Accounting Principles and Relationships
Accounting Principles
The basic accounting principles governing financial statement preparation are crucial for firm performance. These statements assume the company’s continued operation. Key principles include:
- Accrual: Records transactions when they occur, not when cash changes hands.
- Consistency: Maintains consistent criteria over time, with changes disclosed.
- Prudence: Applies caution in estimates, recognizing benefits at the closing date and losses as soon as known.
- Non-Compensation: Prohibits offsetting assets, liabilities, expenses, and income.
- Materiality: Allows flexibility for insignificant items.
Accounting Relationships: PGC Groups
The PGC (General Accounting Plan) categorizes financial elements into groups:
Group 1: Basic Financing
Includes equity and long-term debt, used to finance permanent assets and working capital.
Group 2: Fixed Assets
Long-term assets, including establishment costs and deferred expenses.
Group 3: Inventories
Goods, raw materials, work-in-progress, finished products, byproducts, waste, and recovered materials.
Group 4: Trade Payables and Receivables
Short-term assets and liabilities from the company’s usual activity and receivables from the government.

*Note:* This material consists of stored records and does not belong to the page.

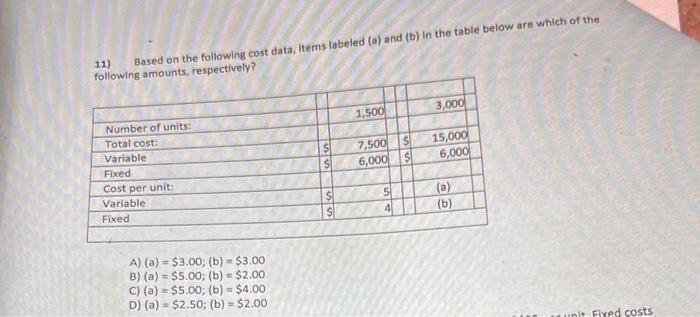 Based on the following cost data, items labeled (a) and (b) in
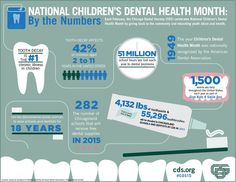 Health & Fitness,Healthy Live,Dental health,medical treatment,supplements for health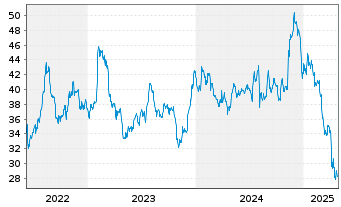 Chart Hub Group Inc. - 5 Years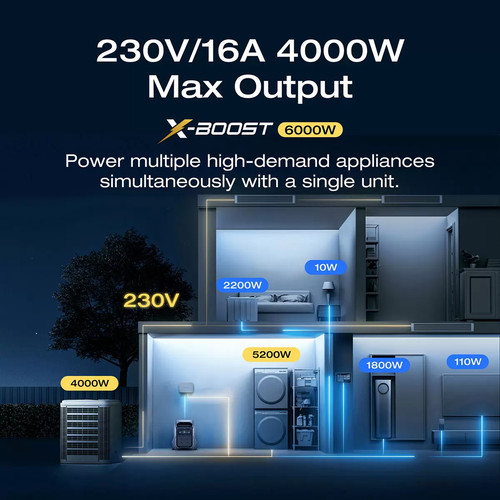 Ecoflow Delta 3 Pro Portable Power Station, 4096Wh - Picture 8 of 8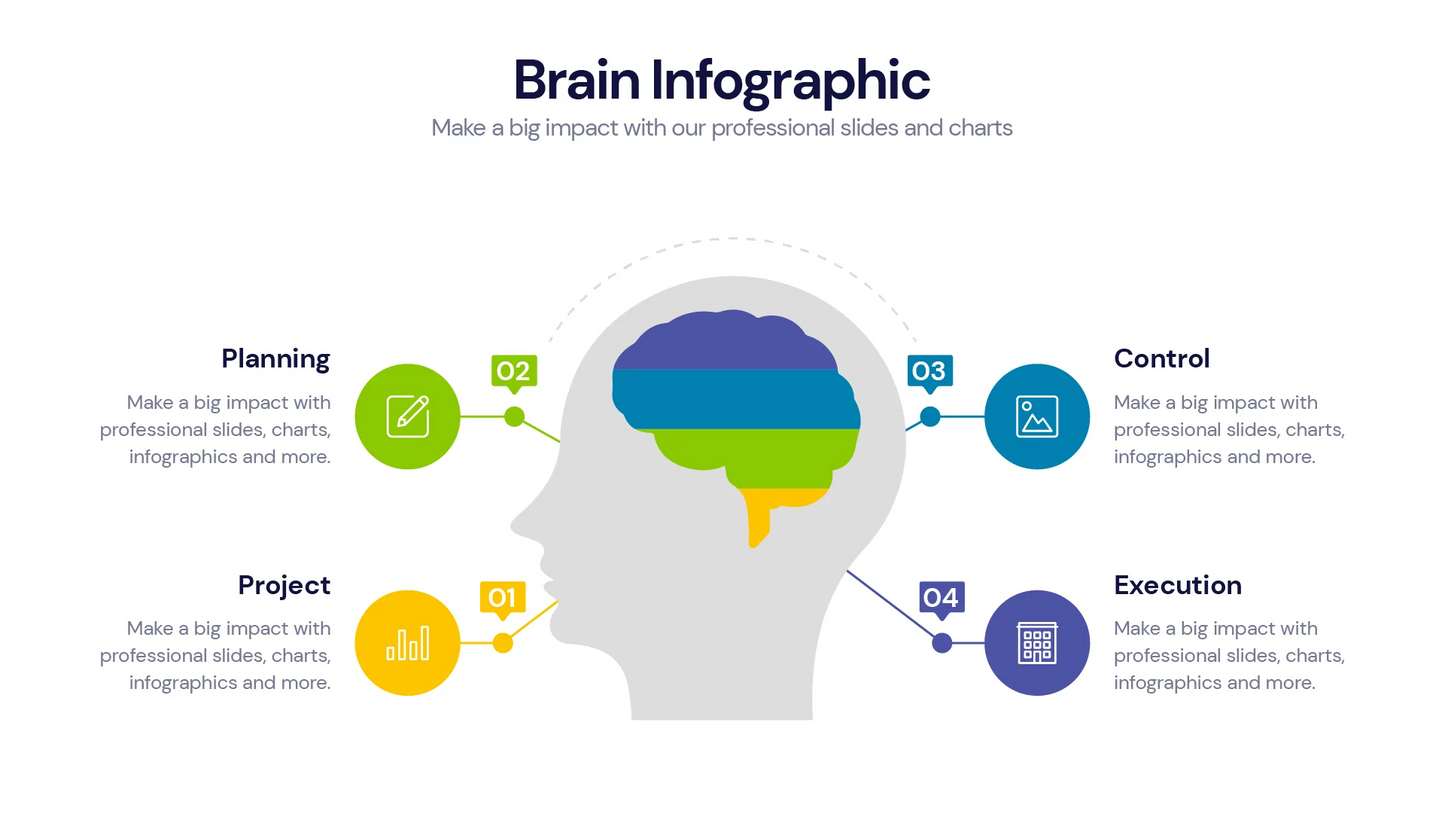 Brain  Infographics PowerPoint templates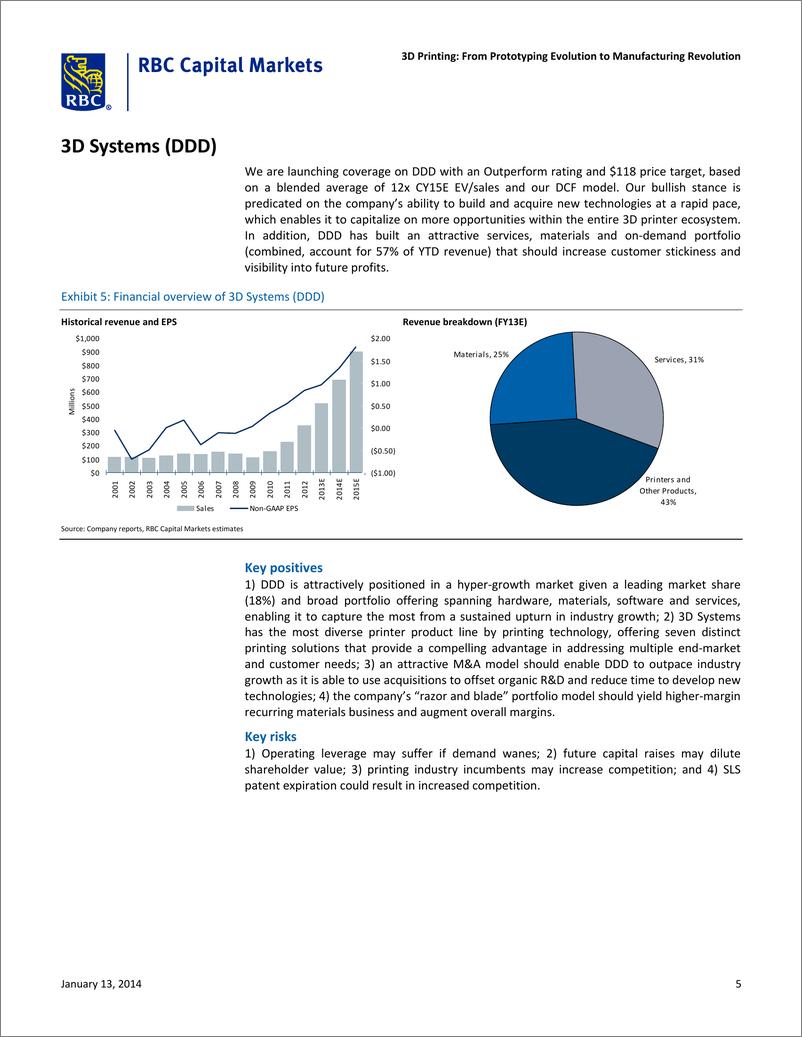 《RBC（IC）-3D Printing From Prototyping Evolution to Manufacturing Revolution》 - 第5页预览图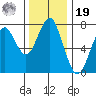 Hammond tide chart for Friday, November 19, 2021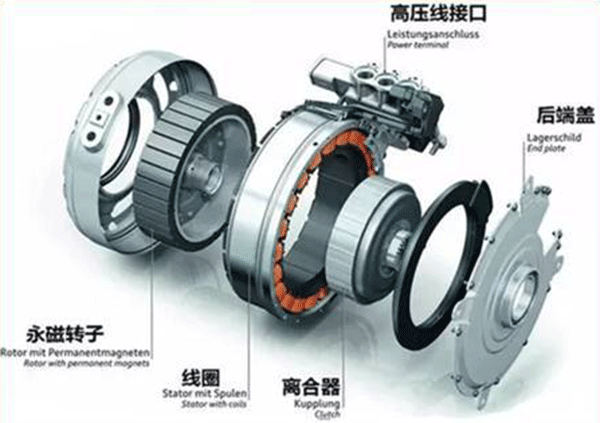 同步電機如何準確控制轉(zhuǎn)矩——西安泰富西瑪電機（西安西瑪電機集團股份有限公司）官方網(wǎng)站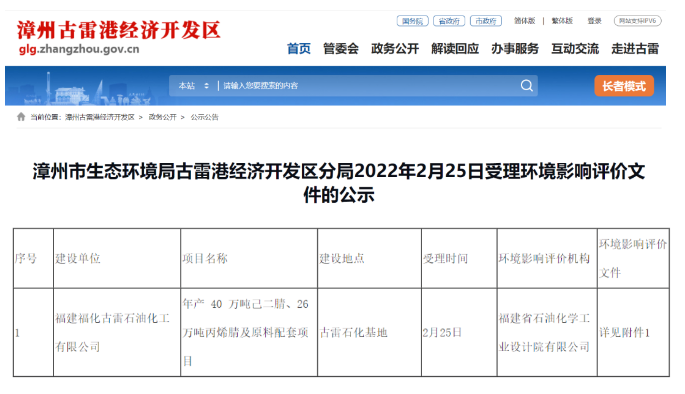 总投资138亿！福化古雷石化拟建40万吨己二腈/26万吨丙烯腈等
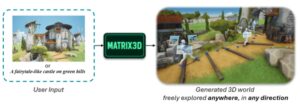 昆仑万维开源 Matrix-3D 大模型
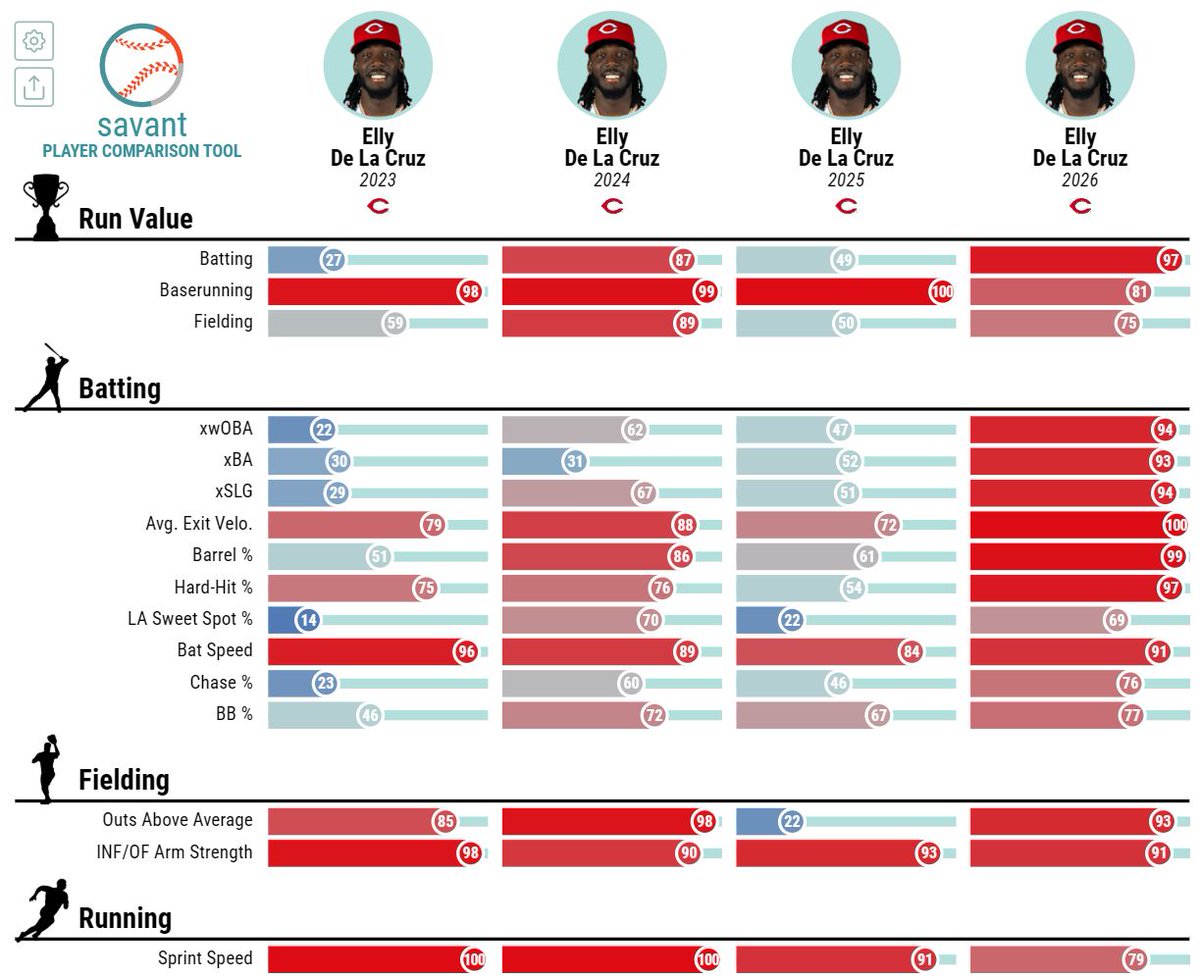 CodifyBaseball's tweet photo. HOW RED CAN THIS GET MY GOODNESS https://t.co/ua8rHUtqE8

Group 5: Financial Accounts
Short-term debts and credits from non-operating activities and liquid assets.
Group 6: Purchases and Expenses
Procurement of goods and services, expenses, inventory changes, and extraordinary losses.
Group 7: Sales and Income
Sales of goods and services, other income, inventory changes, and extraordinary gains.
Working Capital
Working Capital is the portion of current assets funded by non-current liabilities and equity. It represents the resources needed to fund operations between paying suppliers and receiving payments. A shorter period between these events reduces the required working capital.
Formula: Working Capital (WC) = Current Assets (CA) – Current Liabilities (CL)
Alternatively: WC = (Equity + Non-Current Liabilities) – Non-Current Assets
Working capital signifies:
- Resources needed for business activity.
- Permanent resources used to achieve operational stability.
General Accounting Plan (GAP) Structure
The GAP is divided into five sections:
- Conceptual Framework: General rules for accounting entries, ensuring a true and fair view of the company.
- Rules of Recording and Valuation: Asset valuation rules.
- Annual Accounts: Instructions for preparing financial statements.
- Chart of Accounts: Standardized names and codes for all financial elements.
- Definitions and Accounting Relationships: Content and function of all company accounts.